= Fuglede−Kadison determinant =

In mathematics, the Fuglede−Kadison determinant of an invertible operator in a finite factor is a positive real number associated with it. It defines a multiplicative homomorphism from the set of invertible operators to the set of positive real numbers. The Fuglede−Kadison determinant of an operator $A$ is often denoted by $\Delta(A)$.

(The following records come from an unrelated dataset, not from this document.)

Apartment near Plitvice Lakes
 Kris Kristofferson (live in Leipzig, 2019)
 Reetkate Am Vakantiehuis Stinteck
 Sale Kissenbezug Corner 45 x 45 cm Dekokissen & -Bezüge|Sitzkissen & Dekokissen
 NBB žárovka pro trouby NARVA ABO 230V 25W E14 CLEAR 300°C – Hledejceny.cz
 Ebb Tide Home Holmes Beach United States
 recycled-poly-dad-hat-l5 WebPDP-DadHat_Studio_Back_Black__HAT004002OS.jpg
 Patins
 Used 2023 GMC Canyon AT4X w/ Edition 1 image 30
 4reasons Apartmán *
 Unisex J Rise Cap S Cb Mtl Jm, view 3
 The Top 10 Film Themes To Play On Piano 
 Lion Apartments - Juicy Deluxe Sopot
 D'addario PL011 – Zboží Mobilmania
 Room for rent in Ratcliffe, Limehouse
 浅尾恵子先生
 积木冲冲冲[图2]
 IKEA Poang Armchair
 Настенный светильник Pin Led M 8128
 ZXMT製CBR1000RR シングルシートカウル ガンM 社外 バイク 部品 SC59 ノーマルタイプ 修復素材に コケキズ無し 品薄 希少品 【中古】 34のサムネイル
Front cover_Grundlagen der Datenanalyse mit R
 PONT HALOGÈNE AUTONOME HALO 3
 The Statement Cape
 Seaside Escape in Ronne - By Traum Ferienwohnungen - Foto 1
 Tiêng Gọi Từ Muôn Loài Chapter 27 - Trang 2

For a matrix $A$ in $M_n(\mathbb{C})$, $\Delta(A) = \left| \det(A) \right|^{1/n}$ which is the normalized form of the absolute value of the determinant of $A$.

==Definition==
Let $\mathcal{M}$ be a finite factor with the canonical normalized trace $\tau$ and let $X$ be an invertible operator in $\mathcal{M}$. Then the Fuglede−Kadison determinant of $X$ is defined as
$\Delta(X) := \exp \tau(\log (X^*X)^{1/2}),$
(cf. Relation between determinant and trace via eigenvalues). The number $\Delta(X)$ is well-defined by continuous functional calculus.

==Properties==
- $\Delta(XY) = \Delta(X) \Delta(Y)$ for invertible operators $X, Y \in \mathcal{M}$,
- $\Delta (\exp A) = \left| \exp \tau(A) \right| = \exp \Re \tau(A)$ for $A \in \mathcal{M}.$
- $\Delta$ is norm-continuous on $GL_1(\mathcal{M})$, the set of invertible operators in $\mathcal{M},$
- $\Delta(X)$ does not exceed the spectral radius of $X$.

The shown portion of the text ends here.